Nos poissons de l’hexagone sont assez différents, si un chevesne qui a l’habitude de manger des cigales attaquera volontiers votre leurre de 4cm, ce ne sera pas le cas d’un chevesne du nord de la France qui vit en canal et qui se nourrit épisodiquement de sauterelles ou mouches de mai. C’est une des clés de la réussite de cette pêche, « match the hatch », autrement dit, se calquer au régime alimentaire du moment des poissons que vous traquez.
Vient ensuite le mois de juin et l’apparition des premiers fruits mûrs qui tombent naturellement dans l’eau. Les poissons rentrent alors bien souvent en euphorie alimentaire, se cantonnent à des endroits précis et en nombre où la concurrence est rude. Frondaison de ronces, sous un merisier ou encore des aubépines les poissons attendront pendant des heures un festin leur tombant du ciel. C’est le crédo de l’année à ne pas manquer pour réussir des pêches faciles de nombre, les insectes et autres imitations d’alevins en plastique perdent alors énormément en attractivité sur ces poissons. Les puristes utiliseront alors des imitations flottantes de fruits telles que la mûre, la cerise ou encore la cenelle tandis que d’autres par souci de facilité, utiliseront de véritables fruits, certes bien plus délicats à lancer mais aussi bien plus efficaces.

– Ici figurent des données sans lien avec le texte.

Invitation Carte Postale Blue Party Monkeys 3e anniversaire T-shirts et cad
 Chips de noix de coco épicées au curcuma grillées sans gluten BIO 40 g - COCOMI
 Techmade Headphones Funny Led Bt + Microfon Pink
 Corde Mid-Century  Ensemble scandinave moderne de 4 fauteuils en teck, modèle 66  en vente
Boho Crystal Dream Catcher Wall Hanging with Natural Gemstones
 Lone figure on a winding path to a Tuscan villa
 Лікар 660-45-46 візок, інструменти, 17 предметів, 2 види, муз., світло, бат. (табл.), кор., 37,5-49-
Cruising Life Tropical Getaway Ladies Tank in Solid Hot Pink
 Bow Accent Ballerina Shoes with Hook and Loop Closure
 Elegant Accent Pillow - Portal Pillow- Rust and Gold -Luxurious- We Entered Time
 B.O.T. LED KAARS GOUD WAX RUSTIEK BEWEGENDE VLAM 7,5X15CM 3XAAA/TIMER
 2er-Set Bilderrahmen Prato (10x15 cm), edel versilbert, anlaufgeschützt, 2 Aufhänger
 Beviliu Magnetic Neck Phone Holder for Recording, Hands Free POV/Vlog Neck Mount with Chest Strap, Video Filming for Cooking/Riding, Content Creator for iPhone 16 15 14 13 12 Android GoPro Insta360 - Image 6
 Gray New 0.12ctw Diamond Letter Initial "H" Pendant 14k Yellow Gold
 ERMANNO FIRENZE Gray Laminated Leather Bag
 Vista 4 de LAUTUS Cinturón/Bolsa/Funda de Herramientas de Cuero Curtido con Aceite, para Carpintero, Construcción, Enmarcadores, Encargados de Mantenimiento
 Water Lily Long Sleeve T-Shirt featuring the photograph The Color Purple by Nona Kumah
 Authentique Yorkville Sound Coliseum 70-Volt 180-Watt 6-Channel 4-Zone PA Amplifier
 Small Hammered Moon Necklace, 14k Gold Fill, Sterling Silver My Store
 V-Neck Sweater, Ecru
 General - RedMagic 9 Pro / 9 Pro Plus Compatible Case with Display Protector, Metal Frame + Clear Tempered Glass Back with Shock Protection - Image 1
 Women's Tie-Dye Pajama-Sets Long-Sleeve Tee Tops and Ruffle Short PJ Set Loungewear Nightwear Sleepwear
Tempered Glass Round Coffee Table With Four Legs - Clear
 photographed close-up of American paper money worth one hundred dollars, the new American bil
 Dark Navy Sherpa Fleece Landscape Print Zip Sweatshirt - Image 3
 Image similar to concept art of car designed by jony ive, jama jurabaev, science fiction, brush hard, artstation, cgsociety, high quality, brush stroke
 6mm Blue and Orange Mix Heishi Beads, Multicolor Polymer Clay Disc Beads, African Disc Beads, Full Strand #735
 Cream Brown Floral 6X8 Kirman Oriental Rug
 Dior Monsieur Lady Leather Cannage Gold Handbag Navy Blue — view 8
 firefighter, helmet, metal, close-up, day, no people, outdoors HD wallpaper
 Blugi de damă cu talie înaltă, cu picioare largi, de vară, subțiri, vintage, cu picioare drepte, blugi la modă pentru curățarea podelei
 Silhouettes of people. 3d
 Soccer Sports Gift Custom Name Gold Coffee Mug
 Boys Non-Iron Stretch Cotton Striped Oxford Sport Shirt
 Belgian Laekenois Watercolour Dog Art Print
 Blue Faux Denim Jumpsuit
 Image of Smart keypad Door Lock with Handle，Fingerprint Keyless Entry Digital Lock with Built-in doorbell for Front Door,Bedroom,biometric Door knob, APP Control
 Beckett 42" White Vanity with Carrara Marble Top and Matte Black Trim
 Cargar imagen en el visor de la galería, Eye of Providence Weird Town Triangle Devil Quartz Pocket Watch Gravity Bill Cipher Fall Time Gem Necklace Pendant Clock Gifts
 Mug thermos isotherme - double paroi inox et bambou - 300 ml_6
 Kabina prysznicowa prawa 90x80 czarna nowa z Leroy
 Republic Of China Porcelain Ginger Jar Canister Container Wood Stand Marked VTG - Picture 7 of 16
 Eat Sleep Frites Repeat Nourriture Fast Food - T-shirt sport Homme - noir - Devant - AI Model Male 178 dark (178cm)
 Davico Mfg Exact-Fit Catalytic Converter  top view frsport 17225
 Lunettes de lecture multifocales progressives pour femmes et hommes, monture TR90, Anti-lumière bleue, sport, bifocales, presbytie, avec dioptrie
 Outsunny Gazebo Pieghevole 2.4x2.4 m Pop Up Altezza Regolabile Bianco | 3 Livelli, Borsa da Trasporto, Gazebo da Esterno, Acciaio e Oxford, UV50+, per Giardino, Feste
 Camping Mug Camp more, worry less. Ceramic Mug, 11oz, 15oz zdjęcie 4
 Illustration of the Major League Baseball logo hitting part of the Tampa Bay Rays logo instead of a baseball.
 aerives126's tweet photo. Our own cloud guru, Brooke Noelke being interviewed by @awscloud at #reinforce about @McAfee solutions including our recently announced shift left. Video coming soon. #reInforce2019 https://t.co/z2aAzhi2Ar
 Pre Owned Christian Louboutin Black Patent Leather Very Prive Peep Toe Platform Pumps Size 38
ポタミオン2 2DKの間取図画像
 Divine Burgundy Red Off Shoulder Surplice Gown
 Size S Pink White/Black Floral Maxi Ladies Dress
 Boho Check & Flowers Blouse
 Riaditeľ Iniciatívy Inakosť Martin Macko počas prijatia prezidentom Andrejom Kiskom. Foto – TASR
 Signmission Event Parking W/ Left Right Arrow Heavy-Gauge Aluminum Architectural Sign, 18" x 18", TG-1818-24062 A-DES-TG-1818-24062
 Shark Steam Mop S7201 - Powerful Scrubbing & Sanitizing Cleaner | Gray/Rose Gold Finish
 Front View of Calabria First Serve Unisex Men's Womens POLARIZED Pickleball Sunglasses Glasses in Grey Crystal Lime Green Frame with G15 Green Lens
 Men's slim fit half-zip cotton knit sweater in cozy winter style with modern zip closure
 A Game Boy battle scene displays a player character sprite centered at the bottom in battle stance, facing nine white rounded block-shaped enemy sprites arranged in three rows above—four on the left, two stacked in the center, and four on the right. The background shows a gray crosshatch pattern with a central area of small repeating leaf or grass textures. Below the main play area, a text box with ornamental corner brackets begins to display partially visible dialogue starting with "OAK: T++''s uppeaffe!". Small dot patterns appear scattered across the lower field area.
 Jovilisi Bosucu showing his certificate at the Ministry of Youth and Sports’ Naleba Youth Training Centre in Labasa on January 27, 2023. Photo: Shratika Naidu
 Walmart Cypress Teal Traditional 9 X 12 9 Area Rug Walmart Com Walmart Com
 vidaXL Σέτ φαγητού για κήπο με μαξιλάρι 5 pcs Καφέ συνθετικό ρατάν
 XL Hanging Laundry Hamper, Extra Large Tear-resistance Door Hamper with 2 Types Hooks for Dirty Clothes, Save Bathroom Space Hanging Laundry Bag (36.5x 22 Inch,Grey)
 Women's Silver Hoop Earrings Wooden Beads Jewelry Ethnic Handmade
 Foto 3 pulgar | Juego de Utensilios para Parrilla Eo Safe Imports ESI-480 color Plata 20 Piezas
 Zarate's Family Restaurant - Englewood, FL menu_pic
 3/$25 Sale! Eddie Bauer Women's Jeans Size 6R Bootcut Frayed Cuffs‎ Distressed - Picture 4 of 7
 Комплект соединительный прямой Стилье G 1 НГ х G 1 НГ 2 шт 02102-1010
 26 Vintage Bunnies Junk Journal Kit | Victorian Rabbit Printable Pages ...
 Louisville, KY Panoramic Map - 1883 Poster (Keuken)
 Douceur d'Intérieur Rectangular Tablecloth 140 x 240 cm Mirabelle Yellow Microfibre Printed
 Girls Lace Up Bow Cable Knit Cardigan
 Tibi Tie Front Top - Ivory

L’automne approchant, la surface de l’eau va se refroidir et les poissons vont retourner se nourrir sur le fond, chaque année est différente et certains étés indiens permettent de pêcher le chevesne en surface assez tardivement dans la saison.
Si le contexte est d’une importance cruciale et doit conditionner votre approche, votre équipement doit également être en mesure de faire face à la méfiance des poissons. Etant donné le faible poids des leurres utilisés, l’équipement du pêcheur à vue doit, avant tout, ne pas être handicapant.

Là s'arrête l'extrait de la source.